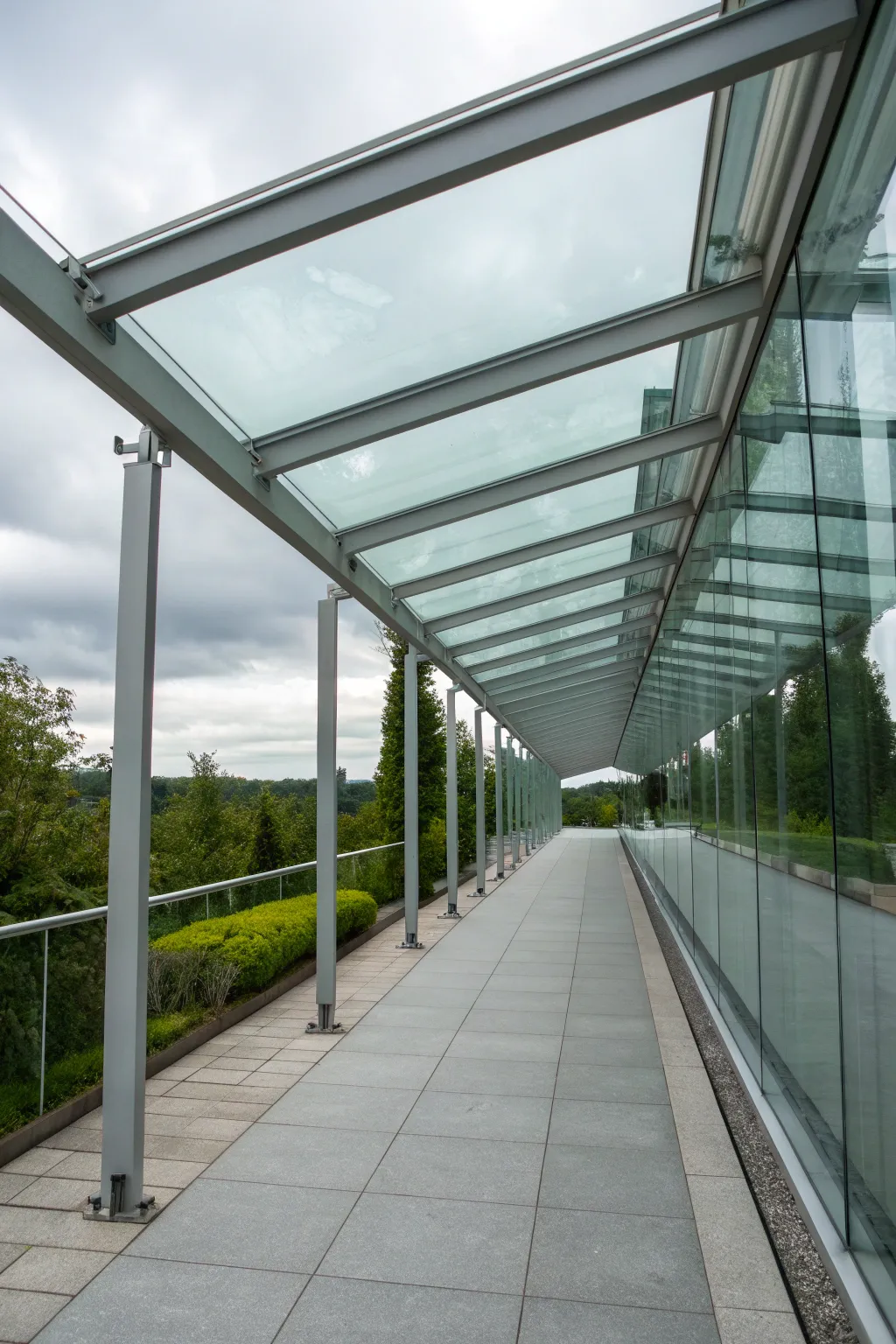 Step into modern elegance with a glass canopy that seamlessly blends light and design.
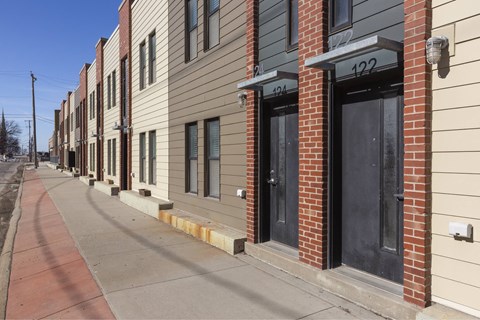 A row of townhouses with numbers 404 and 122 on the front.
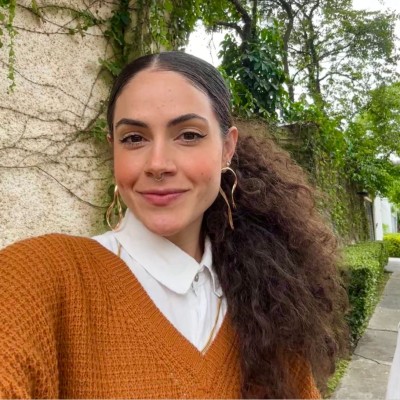 Anna Chaves sorrindo em meio a uma obra, segurando amostras de tecido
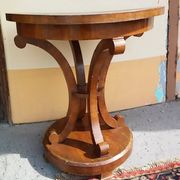 Art Deco side table in brown walnut, round top and scroll legs, France 1930s.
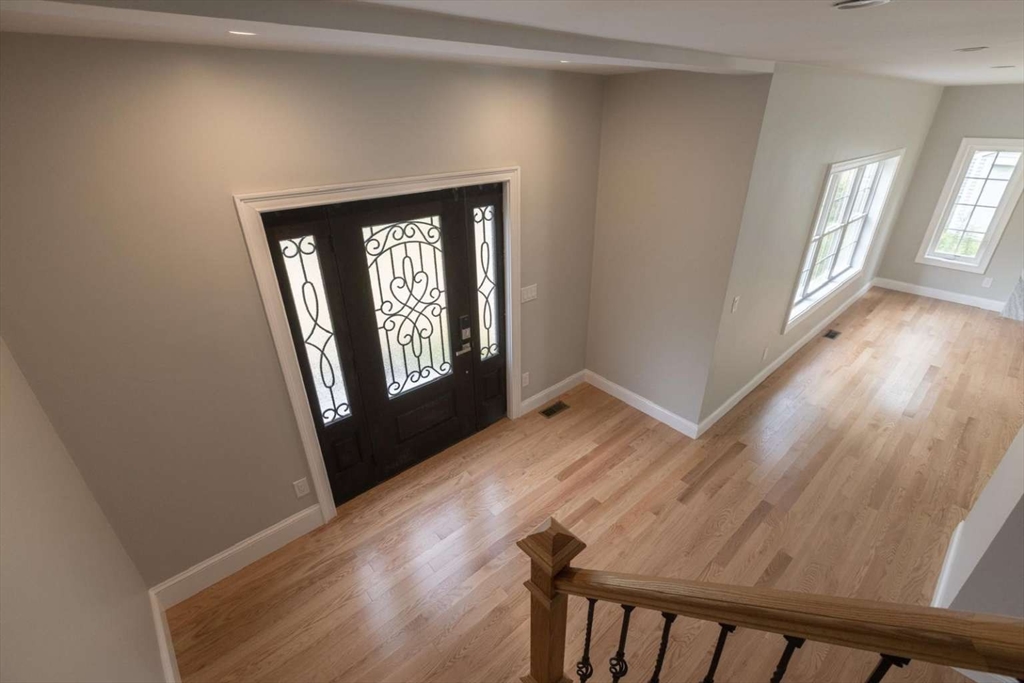 217 Prospect Street Auburn, MA 01501 - Photo 6 of 41 a view of a hallway with wooden floor and stairs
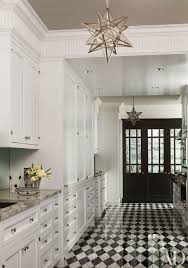 Kitchen floor tiles are not only used in our homes but are also used commercially in industries and restaurants. 9 Beautiful Black And White Kitchens From The Ad Archives Architectural Digest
== == ==
Exercise requirements:
Write down exactly the lines running from the line with "Art Deco side" through the end of the material, both ends included, and none of the pictures.

Solution to this task:
 Art Deco side table in brown walnut, round top and scroll legs, France 1930s.
 217 Prospect Street Auburn, MA 01501 - Photo 6 of 41 a view of a hallway with wooden floor and stairs
 Kitchen floor tiles are not only used in our homes but are also used commercially in industries and restaurants. 9 Beautiful Black And White Kitchens From The Ad Archives Architectural Digest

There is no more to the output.